A Paradox of Omniscience and Free Will

(Q) said:
If an event has foreknowledge, no choices can be made. One simply is following that which is already known to happen. In other words, no free will. This is a very simply concept to understand.

this thinking is very limited. like trying to make a camel pass through the eye of a needle. Too much information and possibility, with no bandwidth.

Very confined thinking. Contraining out possibility and variables.

It's a false concept. Based on nothing at all, except the suppositions of one human mind. yours.
 
Nisus,

While humans are governed by the passage of time Q's observation must be true. Your lengthy vacuous denials do not demonstrate otherwise.
 
no he's saying knowledge = compulsion. God's knowledge, who knows what it is exactly could be a foresight, a calculation, whatever.

But that doesn't equate into compulsion, or inability to think for oneself.

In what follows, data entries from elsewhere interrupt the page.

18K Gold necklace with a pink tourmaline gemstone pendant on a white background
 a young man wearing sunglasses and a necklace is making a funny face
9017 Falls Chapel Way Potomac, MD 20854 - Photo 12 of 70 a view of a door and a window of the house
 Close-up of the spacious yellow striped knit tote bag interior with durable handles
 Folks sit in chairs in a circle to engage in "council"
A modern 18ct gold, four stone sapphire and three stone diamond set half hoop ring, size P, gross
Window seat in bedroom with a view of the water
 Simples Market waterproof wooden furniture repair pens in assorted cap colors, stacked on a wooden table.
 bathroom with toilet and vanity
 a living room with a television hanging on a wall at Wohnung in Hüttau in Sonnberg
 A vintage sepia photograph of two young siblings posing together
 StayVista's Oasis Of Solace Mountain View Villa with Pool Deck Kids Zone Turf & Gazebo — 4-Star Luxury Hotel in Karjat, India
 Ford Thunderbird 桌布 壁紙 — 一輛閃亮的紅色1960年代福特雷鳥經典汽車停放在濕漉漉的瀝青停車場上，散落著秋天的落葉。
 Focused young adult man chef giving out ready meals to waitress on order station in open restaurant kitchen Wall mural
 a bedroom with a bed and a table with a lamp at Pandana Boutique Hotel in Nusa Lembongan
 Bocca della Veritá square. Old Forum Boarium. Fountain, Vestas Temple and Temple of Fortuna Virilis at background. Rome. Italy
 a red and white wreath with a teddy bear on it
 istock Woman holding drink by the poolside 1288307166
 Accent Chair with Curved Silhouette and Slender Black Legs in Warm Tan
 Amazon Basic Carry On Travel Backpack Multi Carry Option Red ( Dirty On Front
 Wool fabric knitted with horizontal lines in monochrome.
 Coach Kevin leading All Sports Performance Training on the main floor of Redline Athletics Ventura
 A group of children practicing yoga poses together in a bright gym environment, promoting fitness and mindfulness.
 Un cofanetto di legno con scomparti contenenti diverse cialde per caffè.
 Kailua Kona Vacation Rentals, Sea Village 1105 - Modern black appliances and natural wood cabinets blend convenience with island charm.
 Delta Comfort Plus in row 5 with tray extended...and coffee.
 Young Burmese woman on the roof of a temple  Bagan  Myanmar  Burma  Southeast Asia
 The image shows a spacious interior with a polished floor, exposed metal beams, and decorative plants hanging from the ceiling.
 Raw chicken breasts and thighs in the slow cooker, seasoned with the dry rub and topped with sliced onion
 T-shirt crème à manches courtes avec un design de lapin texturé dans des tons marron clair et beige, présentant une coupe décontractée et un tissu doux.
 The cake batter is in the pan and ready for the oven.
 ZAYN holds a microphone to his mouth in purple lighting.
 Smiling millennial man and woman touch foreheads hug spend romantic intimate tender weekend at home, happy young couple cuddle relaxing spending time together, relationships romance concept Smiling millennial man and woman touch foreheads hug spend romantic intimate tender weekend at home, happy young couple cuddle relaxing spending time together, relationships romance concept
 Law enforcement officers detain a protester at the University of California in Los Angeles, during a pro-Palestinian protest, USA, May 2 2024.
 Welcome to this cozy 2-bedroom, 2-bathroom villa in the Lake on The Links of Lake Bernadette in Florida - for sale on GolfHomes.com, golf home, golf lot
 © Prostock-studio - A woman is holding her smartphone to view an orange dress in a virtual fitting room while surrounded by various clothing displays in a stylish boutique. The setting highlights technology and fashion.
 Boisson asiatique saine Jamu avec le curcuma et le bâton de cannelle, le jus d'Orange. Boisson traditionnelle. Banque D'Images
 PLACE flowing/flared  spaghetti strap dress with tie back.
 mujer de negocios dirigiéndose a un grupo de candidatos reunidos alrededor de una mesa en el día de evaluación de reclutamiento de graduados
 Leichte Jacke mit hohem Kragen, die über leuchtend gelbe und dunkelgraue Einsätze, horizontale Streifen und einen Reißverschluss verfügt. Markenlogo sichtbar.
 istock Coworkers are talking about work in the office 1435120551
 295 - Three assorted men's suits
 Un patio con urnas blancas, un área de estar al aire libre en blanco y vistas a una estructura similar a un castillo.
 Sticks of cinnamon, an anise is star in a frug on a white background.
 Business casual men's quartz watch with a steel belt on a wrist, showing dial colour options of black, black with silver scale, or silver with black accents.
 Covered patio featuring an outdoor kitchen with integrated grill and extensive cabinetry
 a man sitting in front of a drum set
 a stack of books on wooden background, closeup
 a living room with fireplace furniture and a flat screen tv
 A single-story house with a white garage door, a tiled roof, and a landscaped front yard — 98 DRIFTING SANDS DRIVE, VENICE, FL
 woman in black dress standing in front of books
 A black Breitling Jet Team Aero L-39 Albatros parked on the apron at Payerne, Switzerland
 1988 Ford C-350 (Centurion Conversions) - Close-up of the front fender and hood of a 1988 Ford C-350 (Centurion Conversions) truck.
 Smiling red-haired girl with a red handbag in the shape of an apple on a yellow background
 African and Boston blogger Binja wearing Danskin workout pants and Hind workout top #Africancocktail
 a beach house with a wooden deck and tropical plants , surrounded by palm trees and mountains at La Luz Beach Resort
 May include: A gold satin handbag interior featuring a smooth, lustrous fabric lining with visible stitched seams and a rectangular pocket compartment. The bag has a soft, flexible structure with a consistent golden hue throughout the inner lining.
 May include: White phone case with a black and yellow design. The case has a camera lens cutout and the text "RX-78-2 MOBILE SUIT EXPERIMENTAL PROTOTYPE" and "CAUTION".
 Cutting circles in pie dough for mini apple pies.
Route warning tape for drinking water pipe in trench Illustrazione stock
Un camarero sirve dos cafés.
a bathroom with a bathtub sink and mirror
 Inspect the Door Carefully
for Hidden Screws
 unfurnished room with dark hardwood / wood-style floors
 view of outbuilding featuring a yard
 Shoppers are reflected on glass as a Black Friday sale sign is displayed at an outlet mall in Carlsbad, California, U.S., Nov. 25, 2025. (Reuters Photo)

That's an awful huge leap of a conclusion over a gap wider than the grand canyon.
 
The debate should be, is God omniscient, not if we are free-willed. That shouldn't even be a factor of this conversation.
 
Nisus,

The paradox (being examined in this thread) is the apparent conflict between the two. They cannot be seperated.

Think of it less as a compulsion but rather more like a computer program. A program is written before the program is run. The computer has no choice but to follow the instructions. We could say the programmer was omniscient because he knows exactly what the computer will do for every given input.

An omniscient designer is in the same position. It controls and defines all the variables and hence must know every outcome before they occur. In such a scenario we can have no say in the matter - i.e. free will cannot exist.

I can understand your frustration because it clearly feels that we are in control of our choices and that we do have free will, which I suspect is reality. But if true then that does mean there cannot be an omniscient creator.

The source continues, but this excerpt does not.